Bruce C. Bereano, one of Maryland's best-known lobbyists, has reached a settlement in a long-running dispute with the State Ethics Commission that does not require him to suspend his practice. Instead, Bereano has agreed to pay more than $29,000 to cover commission costs associated with the case and to allow inspection of his fee agreements with clients for the next three years.

The settlement, a copy of which was obtained by The Washington Post, resolves a 2002 complaint by the commission that said Bereano had entered into an improper contingency-based fee arrangement with a client. The following year, the commission suspended Bereano's license for 10 months and imposed a $5,000 fine.

Those penalties were stayed as the case worked its way through the court system, and Bereano has continued to lobby in Annapolis for a range of clients with interests before state government. Last year, the state's highest court sent the matter back to the ethics commission after ruling that it had misapplied a legal principle in its finding in the 2002 case.

In the settlement, which is expected to be made public today, Bereano acknowledges "that sufficient evidence exists to construe" the fee arrangement as improper, but he does not admit liability.

Bereano referred questions to his attorney, Timothy F. Maloney. "The agreement speaks for itself, and Mr. Bereano has no comment beyond that," Maloney said.

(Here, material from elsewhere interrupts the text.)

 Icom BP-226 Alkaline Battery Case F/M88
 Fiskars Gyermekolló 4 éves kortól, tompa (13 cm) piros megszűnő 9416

Bereano was convicted in an unrelated fraud case in 1994 but staged a professional comeback that has continued even as he has fought the 2002 complaint.

Between November 2007 and October 2008, Bereano reported compensation of $806,250 from clients, the seventh-highest total among Annapolis lobbyists, according to ethics commission records.

During his 2006 campaign, Gov. Martin O'Malley (D) vowed that his office would not do business with lobbyists with prior felony convictions, citing Bereano by name.